Concept Set Flexibility: The concept set can be replaced on-the-fly at inference time by simply encoding a new concept set with the text encoder.
Concept Intervention: Explicit intervention on bottleneck-layer concepts enables prediction control and bias correction (e.g., textual explanation of arm bias in the "dumbbell" class).
Zero-Shot Image Captioning: Combining TextUnlock with ZeroCap enables any visual classifier to perform zero-shot image captioning. ConvNeXtV2@384 achieves CIDEr=17.9 and SPICE=6.9 on COCO, surpassing CLIP-based methods (CIDEr=14.6, SPICE=5.5).

Highlights & Insights¶

Triple "Free": Simultaneously achieves CLIP-free, label-free, and unsupervised concept-to-class classification — the first fully unsupervised CBM.
Elegant Mathematical Insight: The CBM transformation is equivalent to inserting the concept Gram matrix into the original classifier; when the Gram matrix equals the identity, the model reduces to the original classifier.
Strong Generality: Architecture-agnostic, applicable to 40+ CNN/Transformer/hybrid models.
High Data Efficiency: Training on ImageNet-1K alone surpasses CLIP models trained on 400M image-text pairs.
On-the-Fly Concept Set Switching: The concept set can be replaced without retraining to construct a new CBM.

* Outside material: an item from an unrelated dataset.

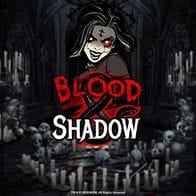 Blood And Shadow game icon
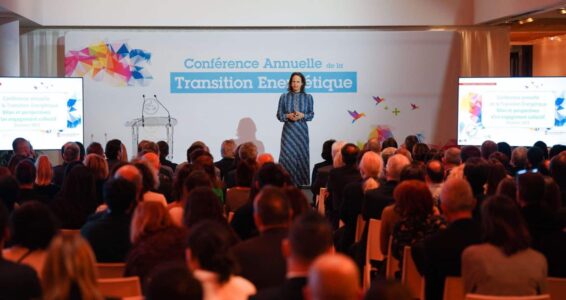 conference annuelle de la transition energetique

Limitations & Future Work¶

Concept discovery quality depends on the semantic space quality of the text encoder; a weak text encoder may yield imprecise concept activations.
Concept redundancy introduced by the Gram matrix may degrade performance when the number of concepts is very large.
Zero-shot image captioning underperforms CLIP-based methods on n-gram metrics such as BLEU-4 and METEOR (requiring additional compositional captioning strategies to compensate).
The method has only been validated on classification tasks and has not been extended to more complex tasks such as detection or segmentation.
Concept filtering relies on handcrafted rules (removing hypernyms, synonyms, etc.), which may miss certain cases of semantic leakage.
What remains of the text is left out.